Aim of the task> Write out the full set of records exactly. Any pictures in them do not belong in the copy.

------------------------------

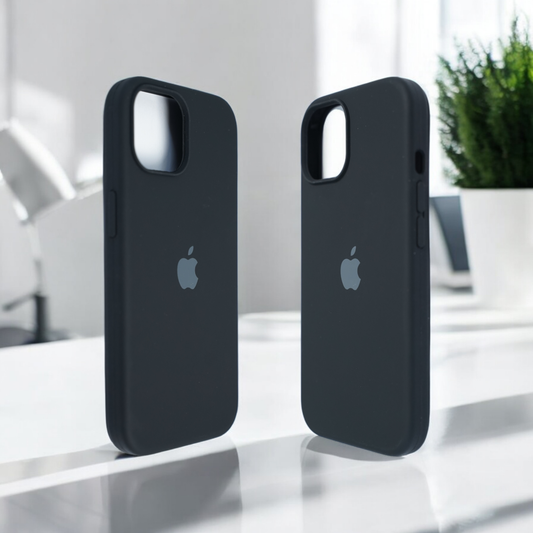 Silicon Back Cover | iPhone 15 (Black, Grip Case, Silicon, Pack of: 1)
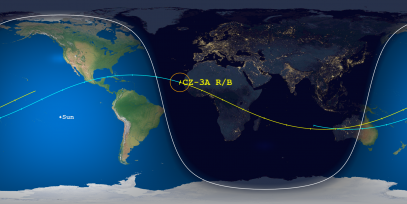 CZ-3A Rocket Body (ID 37235) Reentry Prediction Image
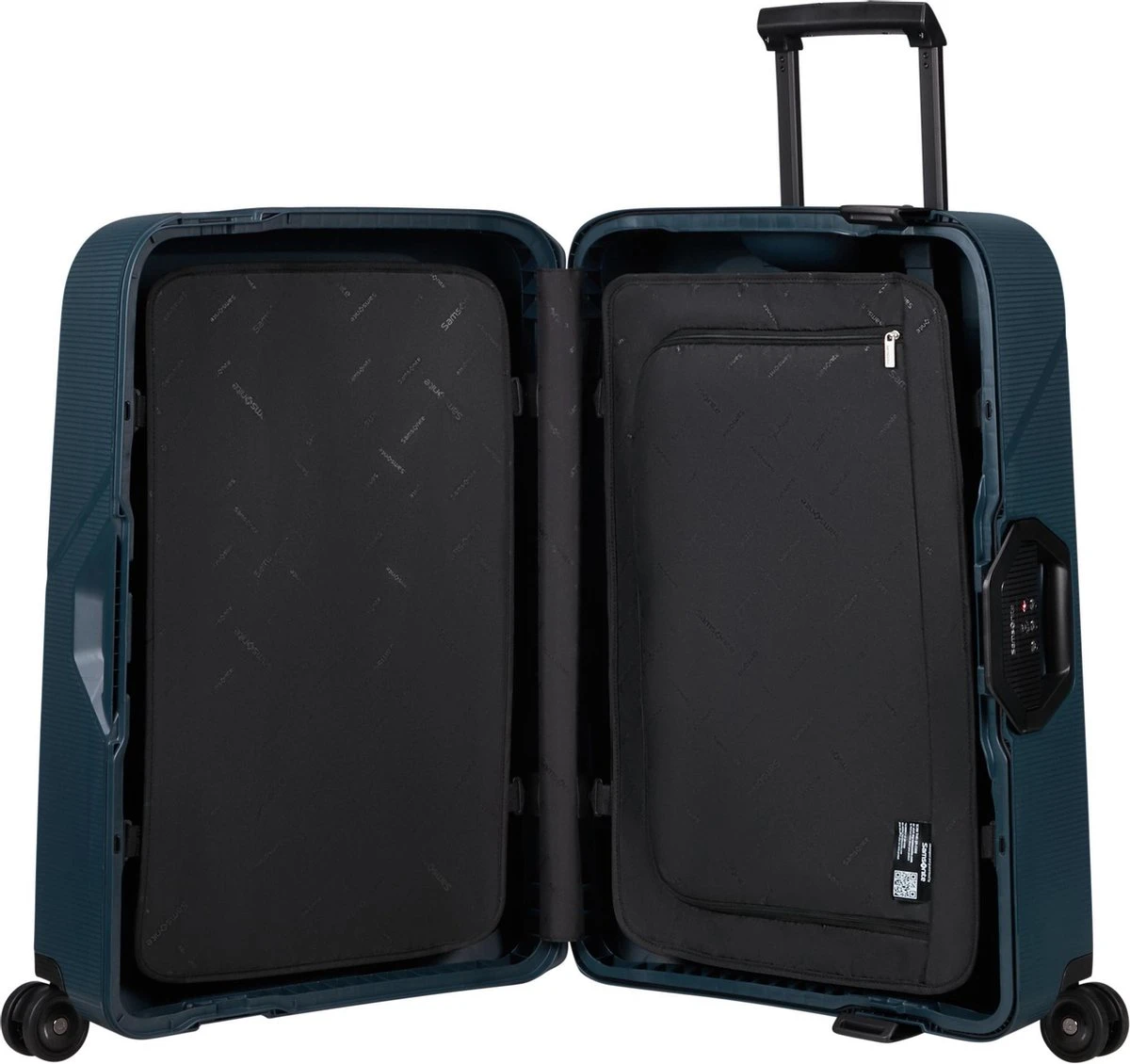 Samsonite Reiskoffer - Magnum Eco Spinner 69/25 (Medium) Midnight Blue 4 Samsonite Reiskoffer - Magnum Eco Spinner 69/25 (Medium) Midnight Blue - Afbeelding 4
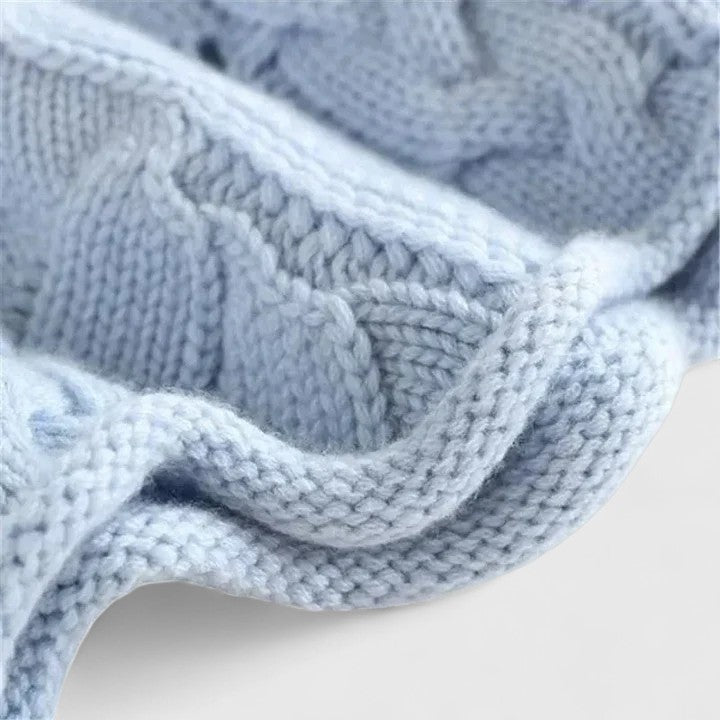 Women's Turtleneck Sweater Cable Knit Wool Jumper
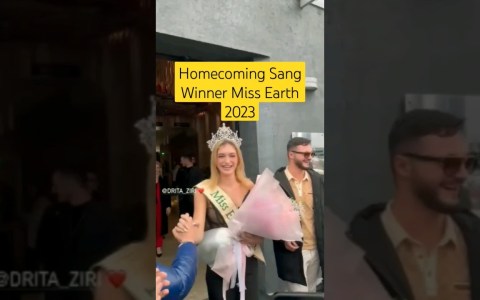 Drita Zirri Miss Earth 2023 tiba di Negara Asalnya Albania#pageant #missearth2023 Drita Zirri Miss Earth 2023 tiba di Negara Asalnya Albania#pageant #missearth2023
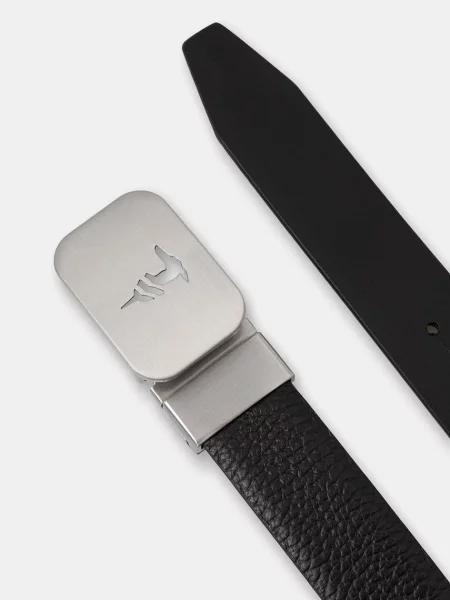 Trussardi curea pentru bărbați din piele negru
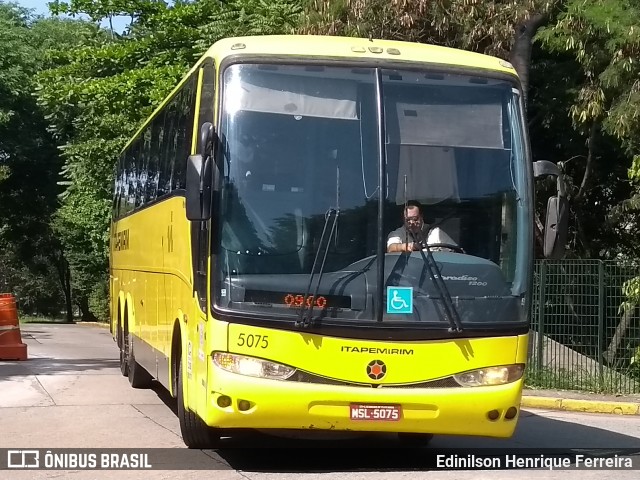 Viação Itapemirim 5075 na cidade de São Paulo, São Paulo, Brasil, por Edinilson Henrique Ferreira. Número da foto: #7821869.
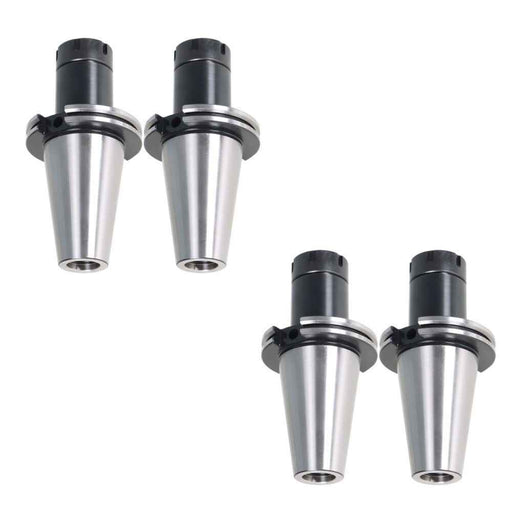 DURAFORCE 4 Pack 4" Gage Length CAT50-ER32 Collet Chuck Tool Holder Set For CNC Milling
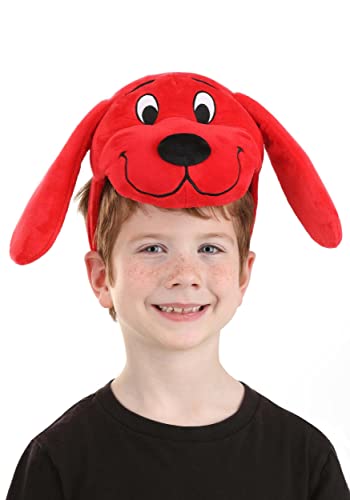 Clifford Face Costume Headband Standard Red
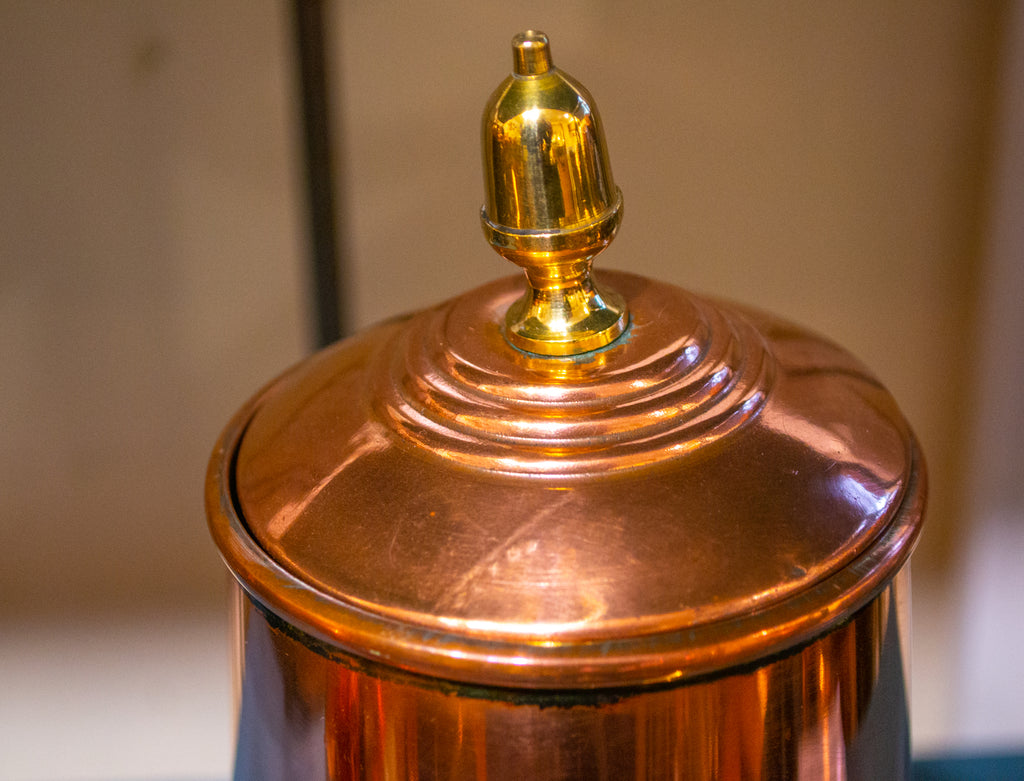 Polished Copper Coffee Pot Antique 19th Century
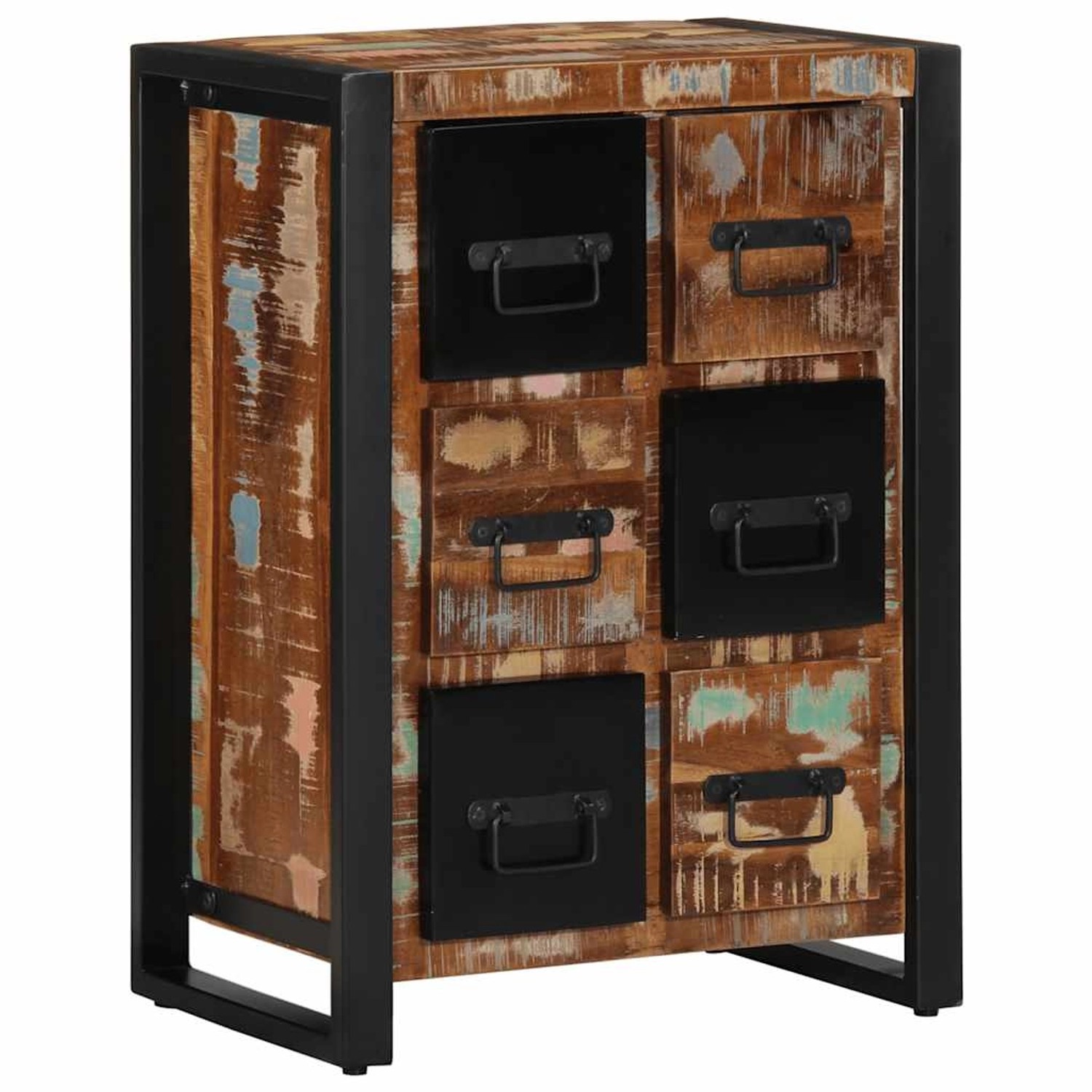 vidaXL Sideboard 50x35x70 cm Altholz Massiv 4013586 günstig online kaufen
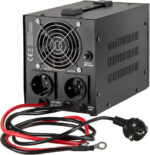 KEMOT PROsinus-500 emergency power supply unit – inverter with a pure sine wave output and 12V charging function  230V  500VA/300W – black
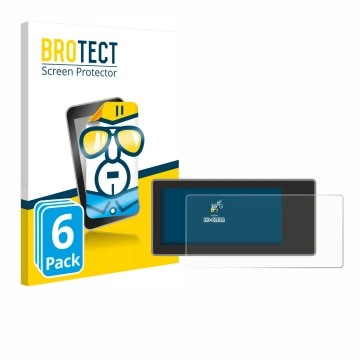 Vorderseite einer Produktverpackung mit dem Markenlogo BROTECT. Daneben ist das Gerät Acta Berg Radio mit dem zugehörigen Disp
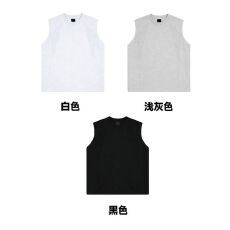 批发实拍!  260克华棉拼接坎肩背心M-3XL #  特P14 支持开票
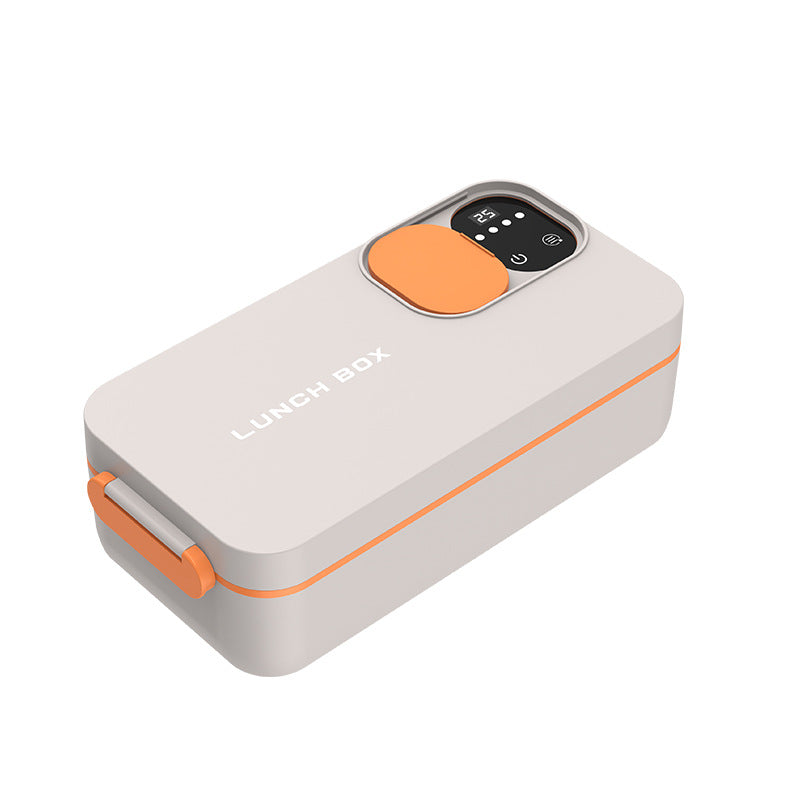 GripVolt Cordless Heated Lunch Box | Rechargeable Electric Food Warmer with Adjustable Temperature for Truck Drivers, Cars & Travel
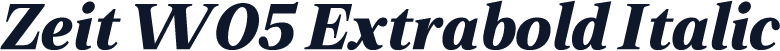 Zeit W05 Extrabold Italic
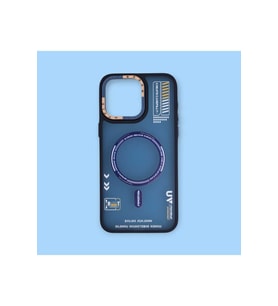 IPHONE 13; DARBE ÖNLEYİCİ, MAT SAYDAM LÜKS SİLİKON KILIF (Mavi)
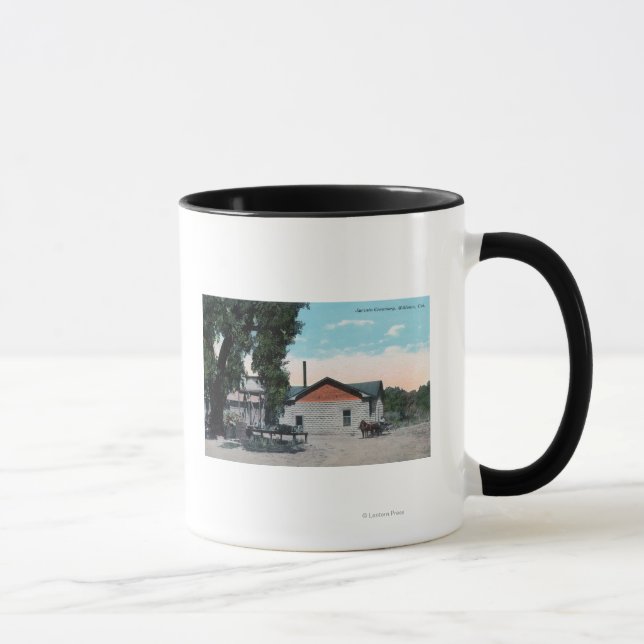 Mug Vue extérieure de Jacinto CreameryWillows, CA (Droite)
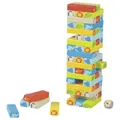 Produktbild: Farbenprächtiges Geschicklichkeitsspiel aus Holz für Kinder 55 Teile
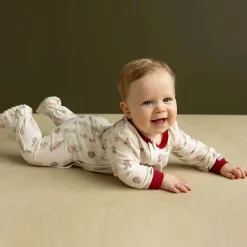 Onesies|Sleepers-Coccoli Print Zipper Footie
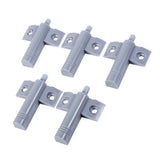20Pcs/Lot Kitchen Cabinet Door Stop Drawer Soft Quiet Close Closer Damper Buffers Gray/White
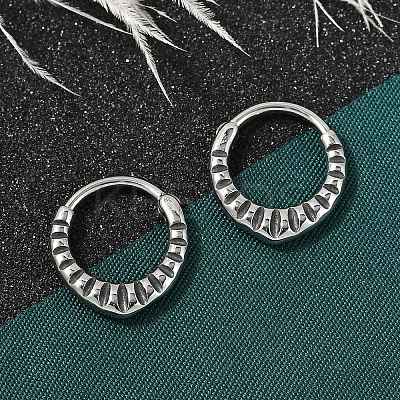316 Surgical Stainless Steel Hoop Earrings EJEW-G416-29AS-1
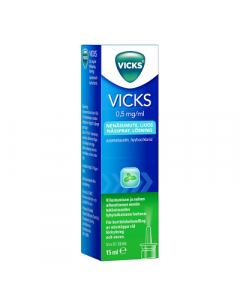 VICKS nenäsumute, liuos 0,5 mg/ml 15 ml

------------------------------

Reply to the task>
 Silicon Back Cover | iPhone 15 (Black, Grip Case, Silicon, Pack of: 1)
 CZ-3A Rocket Body (ID 37235) Reentry Prediction Image
 Samsonite Reiskoffer - Magnum Eco Spinner 69/25 (Medium) Midnight Blue 4 Samsonite Reiskoffer - Magnum Eco Spinner 69/25 (Medium) Midnight Blue - Afbeelding 4
 Women's Turtleneck Sweater Cable Knit Wool Jumper
 Drita Zirri Miss Earth 2023 tiba di Negara Asalnya Albania#pageant #missearth2023 Drita Zirri Miss Earth 2023 tiba di Negara Asalnya Albania#pageant #missearth2023
 Trussardi curea pentru bărbați din piele negru
 Viação Itapemirim 5075 na cidade de São Paulo, São Paulo, Brasil, por Edinilson Henrique Ferreira. Número da foto: #7821869.
 DURAFORCE 4 Pack 4" Gage Length CAT50-ER32 Collet Chuck Tool Holder Set For CNC Milling
 Clifford Face Costume Headband Standard Red
 Polished Copper Coffee Pot Antique 19th Century
 vidaXL Sideboard 50x35x70 cm Altholz Massiv 4013586 günstig online kaufen
 KEMOT PROsinus-500 emergency power supply unit – inverter with a pure sine wave output and 12V charging function  230V  500VA/300W – black
 Vorderseite einer Produktverpackung mit dem Markenlogo BROTECT. Daneben ist das Gerät Acta Berg Radio mit dem zugehörigen Disp
 批发实拍!  260克华棉拼接坎肩背心M-3XL #  特P14 支持开票
 GripVolt Cordless Heated Lunch Box | Rechargeable Electric Food Warmer with Adjustable Temperature for Truck Drivers, Cars & Travel
 Zeit W05 Extrabold Italic
 IPHONE 13; DARBE ÖNLEYİCİ, MAT SAYDAM LÜKS SİLİKON KILIF (Mavi)
 Mug Vue extérieure de Jacinto CreameryWillows, CA (Droite)
 Produktbild: Farbenprächtiges Geschicklichkeitsspiel aus Holz für Kinder 55 Teile
 Onesies|Sleepers-Coccoli Print Zipper Footie
20Pcs/Lot Kitchen Cabinet Door Stop Drawer Soft Quiet Close Closer Damper Buffers Gray/White
316 Surgical Stainless Steel Hoop Earrings EJEW-G416-29AS-1
 VICKS nenäsumute, liuos 0,5 mg/ml 15 ml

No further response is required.